El miércoles vivimos sentimientos de amargura, desazón, tristeza, llanto y dolor. El sueño de Alemania pareció esfumarse con el gol de Gonzalo Romero. Fue un tiro que nos partió el alma al igual que dividió en dos el arco de Jaime Penedo.
Las lágrimas y llanto invadieron nuestros corazones. Fue una noche amarga que nos quitó la última esperanza de acudir a nuestro primer mundial, porque aunque hay esperanzas remotas, para mí y con pesar tengo que decir que el sueño terminó en Guatemala.
Ya no queda tiempo para llorar, como dice una repetida frase. Ahora debemos pensar en lo que nos depara de aquí en adelante, en el futuro del fútbol panameño y como dice el técnico "Cheché" Hernández, "hay que terminar con dignidad la eliminatoria".
No podemos decaer en los últimos cuatro juegos que restan, no podemos tirar al piso el coraje mostrado hasta ahora, al margen que los resultados no nos hayan acompañado.
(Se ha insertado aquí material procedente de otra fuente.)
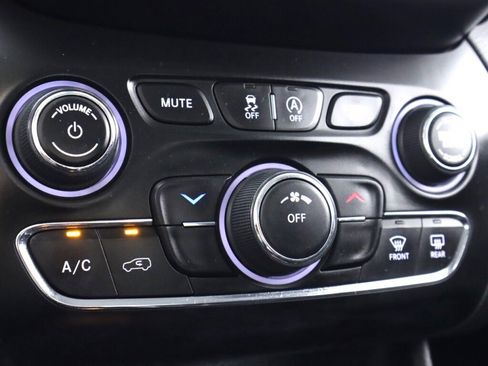 Used 2019 Jeep Cherokee Latitude w/ Cold Weather Group AWD/4WD image 23
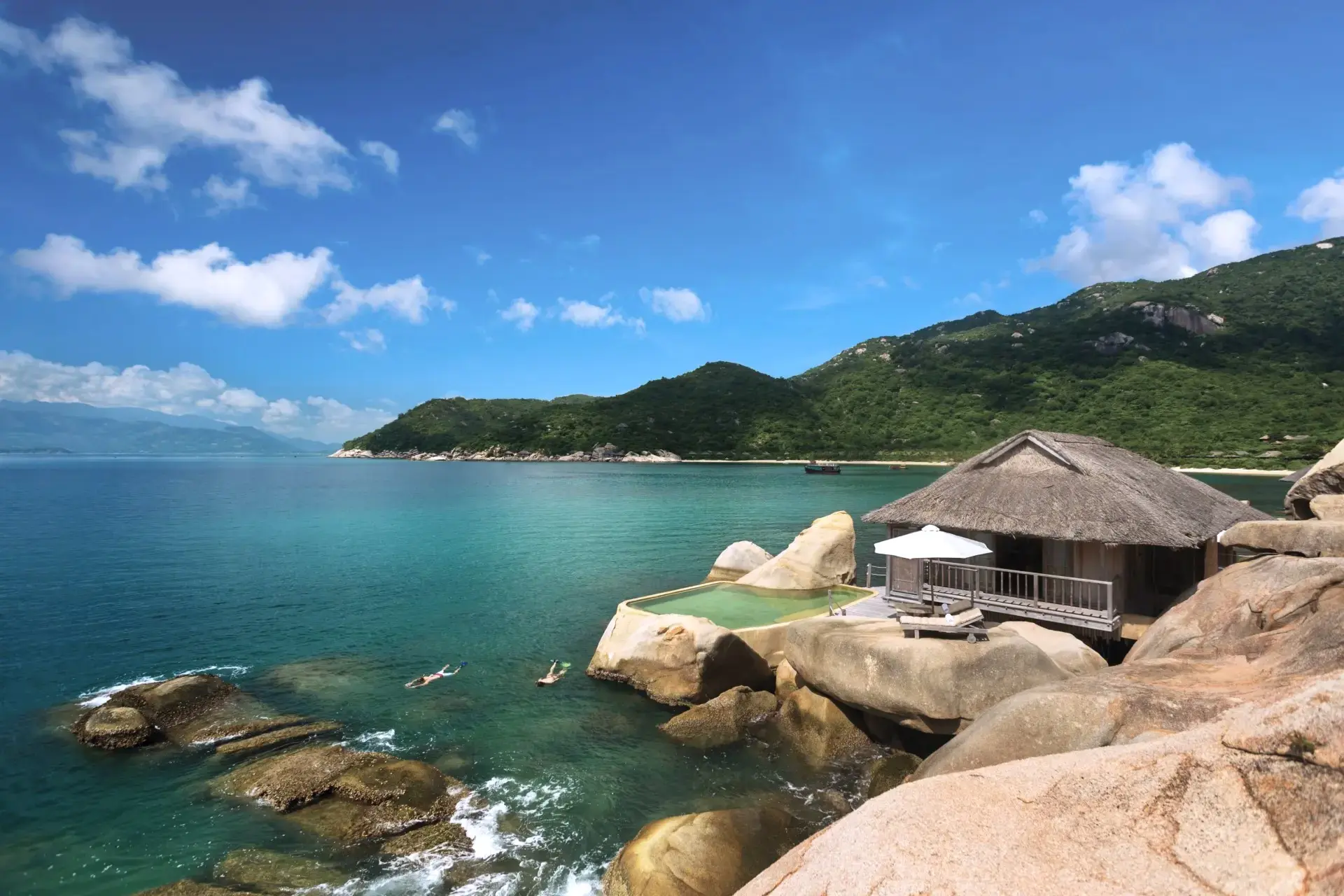 Water villa på Six Senses Nihn Van Bay i Vietnam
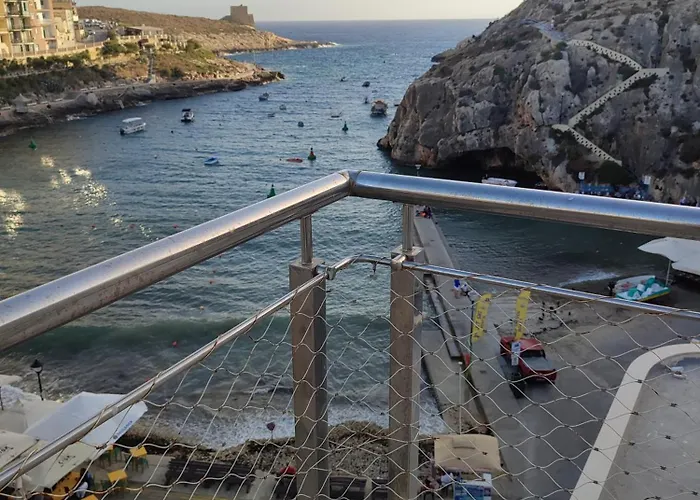 Xlendistays - Centrally Located Seafront Living Spaces In Διαμέρισμα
No podemos permitir que nuestros rivales trapeen el piso con goleadas sobre Panamá. De hoy en adelante este es nuestro deber.
Tampoco debemos acabar con el sueño de este equipo al margen que nuestro estado sea de cuidados intensivos.
Gracias selección por permitirnos estar por primera vez cerca del mundial. Gracias Jorge por ese gol del pasado miércoles. Una anotación que sembró esperanza en los tres millones de panameños que seguían el partido.
Gracias a todos los jugadores porque se entregaron, lucharon y pusieron a este país en el mapa del fútbol mundial. No es momento para hacer leña del árbol caído. Tal vez es el momento preciso para recapacitar de nuestros errores y pensar en Sudáfrica 2010.
En este proceso de dos años de eliminatoria Panamá se ha identificado con el fútbol y aunque muchos no quieran reconocerlo, parte de ese éxito se debe al cuerpo técnico que encabeza Hernández, Amado Nunes y Julio César Toral.
Otra gran parte y la más importante, a los jugadores. Sí, a esos artistas de la pelota, quienes tienen sobre sus espaldas la responsabilidad de todo un país y son los que más sufren con las derrotas y se emocionan con las victorias. Panamá lloró el miércoles, pero la pasión por el fútbol debe permanecer.